Bee products form an important item of income in the United States, more than two billion pounds of honey and wax being produced in a single season. When we consider that this appalling amount of sweetness is gathered a drop here and a drop there it leads us to figures too large to be comprehended.
In considering the value of bees we must by no means think of honey as their sole product, as beeswax is an important article. After the honey has been extracted from the comb the latter is mixed with water and boiled down and run into firm yellow cakes, from which the color disappears if exposed for a certain length of time to the air. Thin slices are exposed until thoroughly bleached, when it is again melted and run into cakes, and is then known as the white wax of commerce.
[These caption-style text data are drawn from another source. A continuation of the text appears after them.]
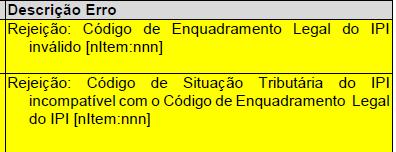 legal do IPI Nota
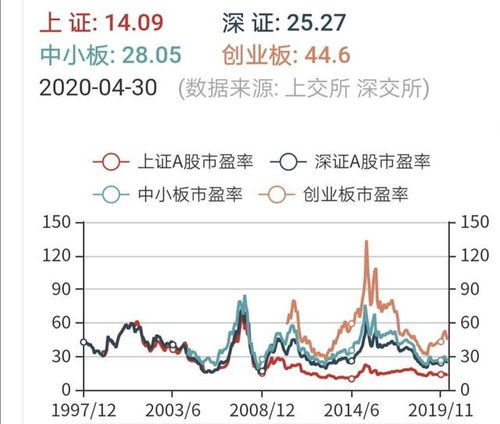 个人见解未来几年a股面临的风险和机会「个人见解未来几年A股面临的风险和机会」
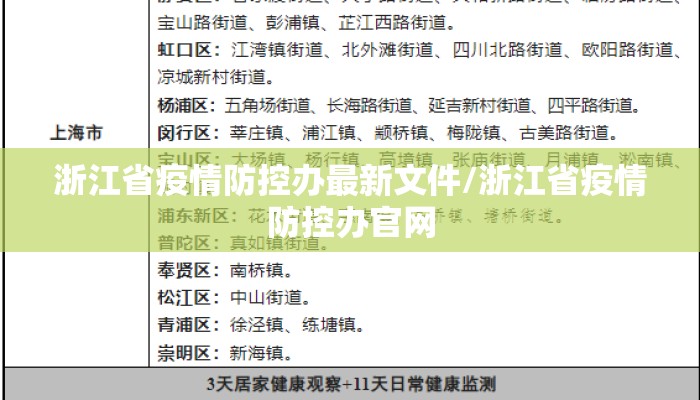 浙江省疫情防控办最新文件/浙江省疫情防控办官网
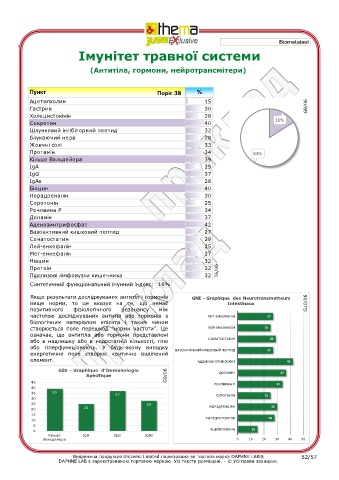 test intolleranze alimentari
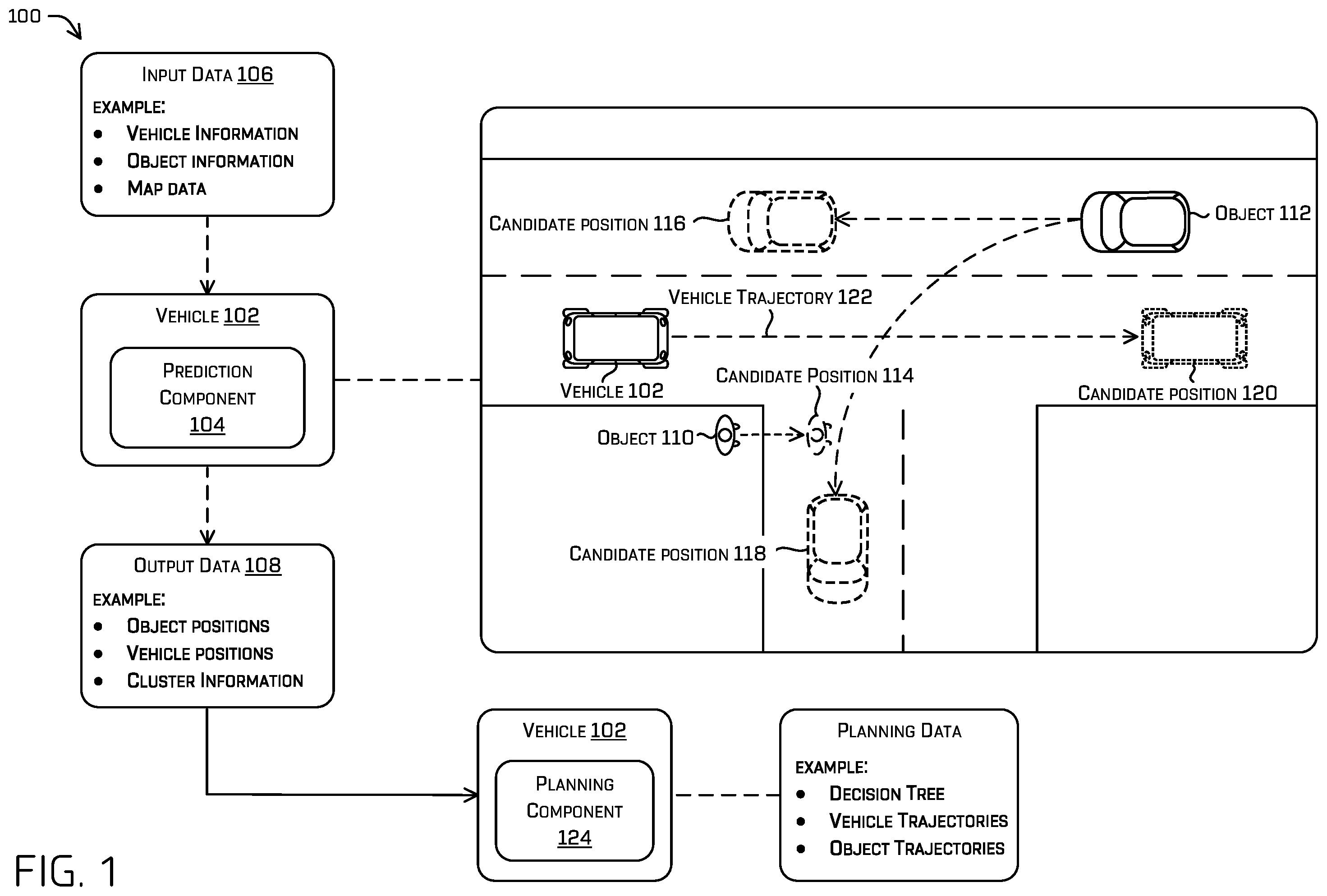 Patent US12576836 — Conditional object position prediction by a machine learned model — Figure 1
Before oil lamps came into use large quantities of this white wax were used in the manufacture of candles, which made the best light then known, as they burned better than tallow candles and without the smoke or odor which made the tallow article objectionable. The advent of the oil-lamp, the gas jet, and the electric light have practically disposed of its usefulness in that direction, except in devotional exercises, although colored tapers made of white wax are now used for decorative purposes, especially during the holiday season, when numbers of them are used to light our Christmas trees. White wax is also used extensively for making ornamental objects such as models of fruits and flowers. Whole plants are sometimes reproduced and models of various vegetable and animal products are reproduced in colored wax and used for educational or museum purposes. The anatomist finds it of great value in reproducing the normal and diseased structures of the human form. No doubt the original wax works of Mrs. Jarley, made famous by Dickens in "The Old Curiosity Shop," were a collection of wax images made from the product of the honey-bee.
Metheglin is a drink made from honey, and is consumed largely in some parts of the world. It is the nectar which the ancient Scandinavian expected to sip in paradise, using skulls of his enemies as goblets.
The East Indies and the Philippine Islands seem to be under special obligations to astonish the world in everything, and in order to keep pace with their reputations have produced honey-bees of three sizes, one of which is the smallest honey-bee known, and another the largest. The smaller variety is so diminutive that one square inch of comb contains one hundred cells on each side; the entire comb, as it hangs from the twig of a small tree or bush, is only about the size of a man's hand. The workers are a little longer, but somewhat more slender than our common house-fly, and are blue-black in color, with the exception of the anterior third of the abdomen, which is bright orange.